◆ TASK DIRECTIONS: The line containing "Daire Newly Renovated Light House 8 Min" marks the end; return exactly every line from the start of the records up to and including it, but no pictures.

◆ DATASET ENTRIES:

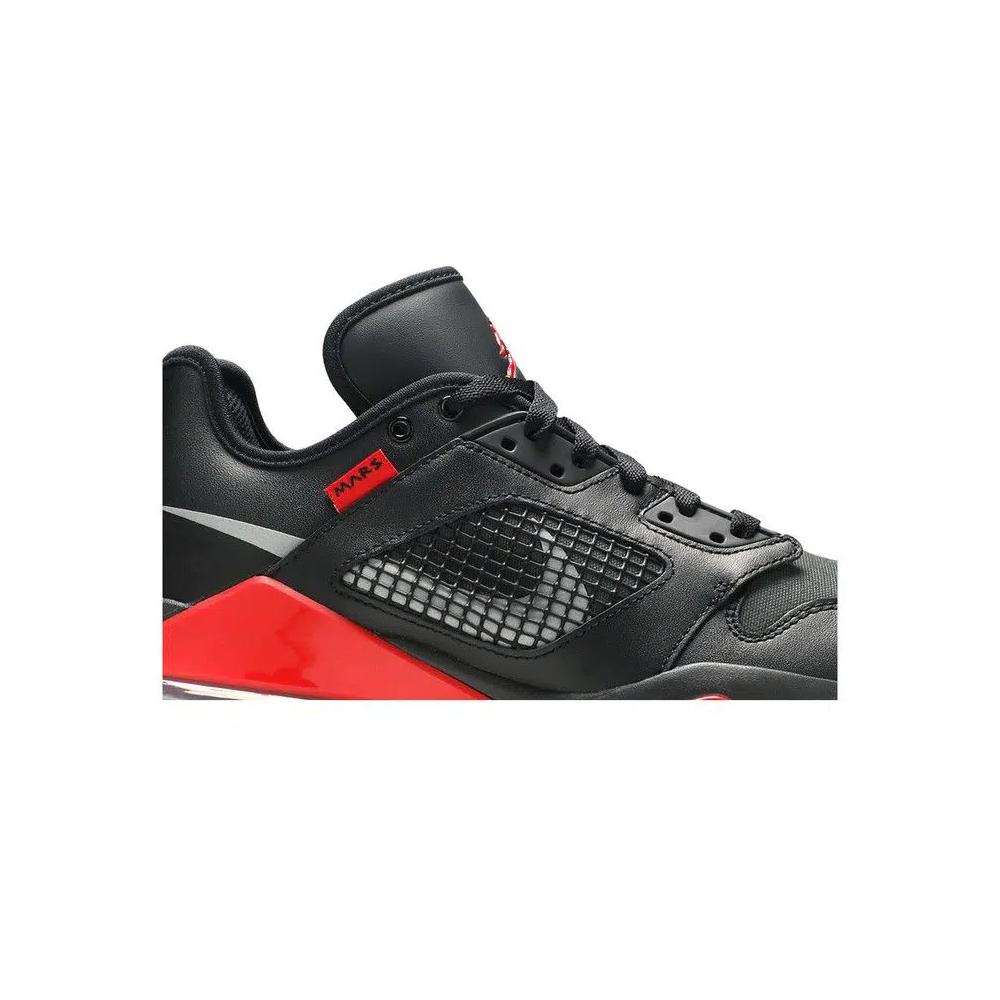 Кроссовки Air Jordan Mars 270 Low 'Bred' 3
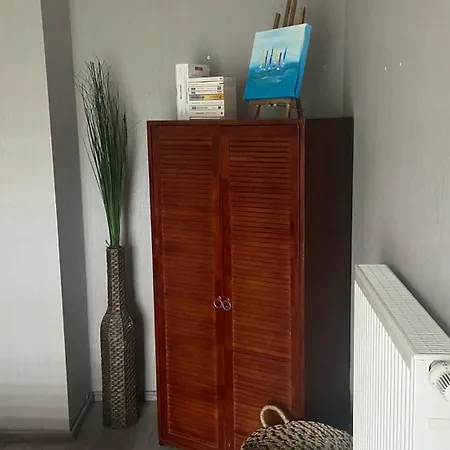 Appartement-rez De Jardin, Parking Prive Et Tram Apartment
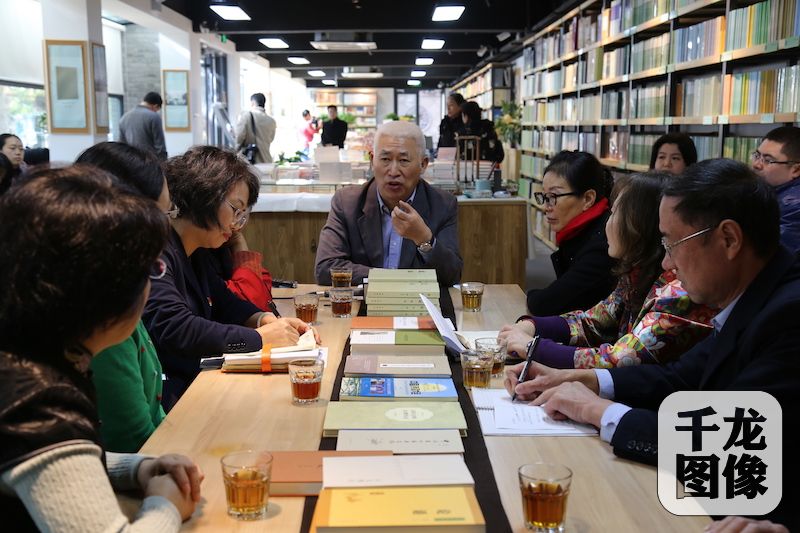 10日，党的十九大代表、中华书局有限公司总经理徐俊与丰台区人大代表、学校校长、社区干部、居民，以及现场的读者朋友共话党的十九大。图中间为徐俊。丰台区委宣传部供图 千龙网发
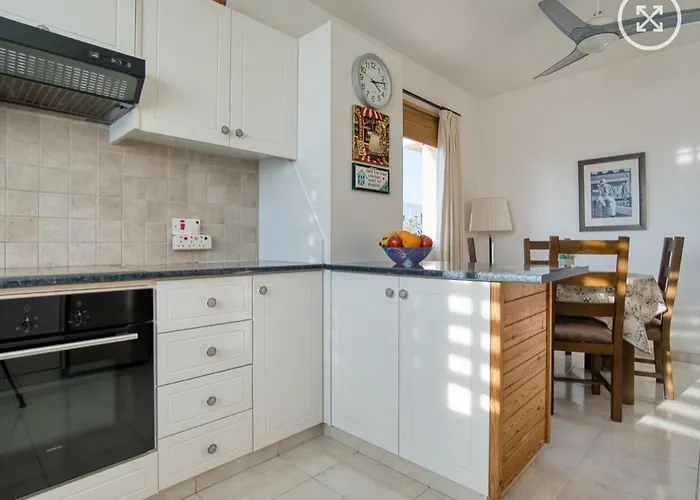 Daire Newly Renovated Light House 8 Min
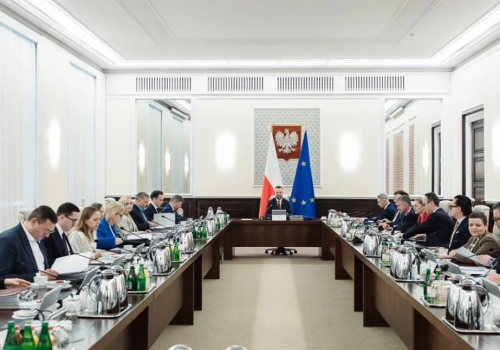 Więcej pacjentów uzyska leczenie na receptę – Rada Ministrów zmienia zasady terapii uzależnień od opioidów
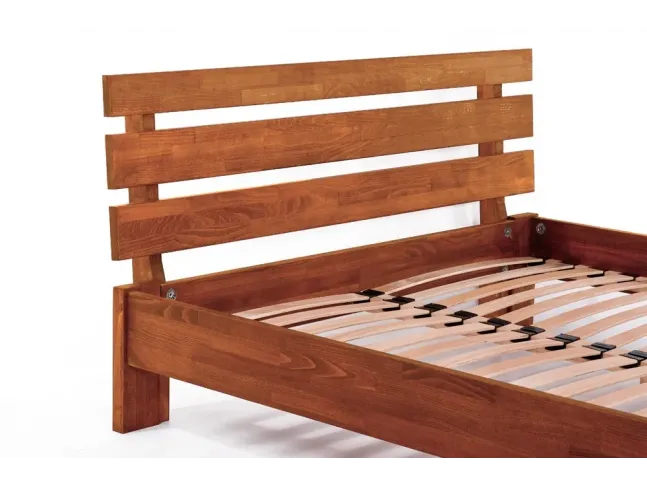 Кровать Лучана светло-коричневого цвета, материал - бук срощенный (вид сбоку).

◆ TASK RESULT:
 Кроссовки Air Jordan Mars 270 Low 'Bred' 3
 Appartement-rez De Jardin, Parking Prive Et Tram Apartment
 10日，党的十九大代表、中华书局有限公司总经理徐俊与丰台区人大代表、学校校长、社区干部、居民，以及现场的读者朋友共话党的十九大。图中间为徐俊。丰台区委宣传部供图 千龙网发
 Daire Newly Renovated Light House 8 Min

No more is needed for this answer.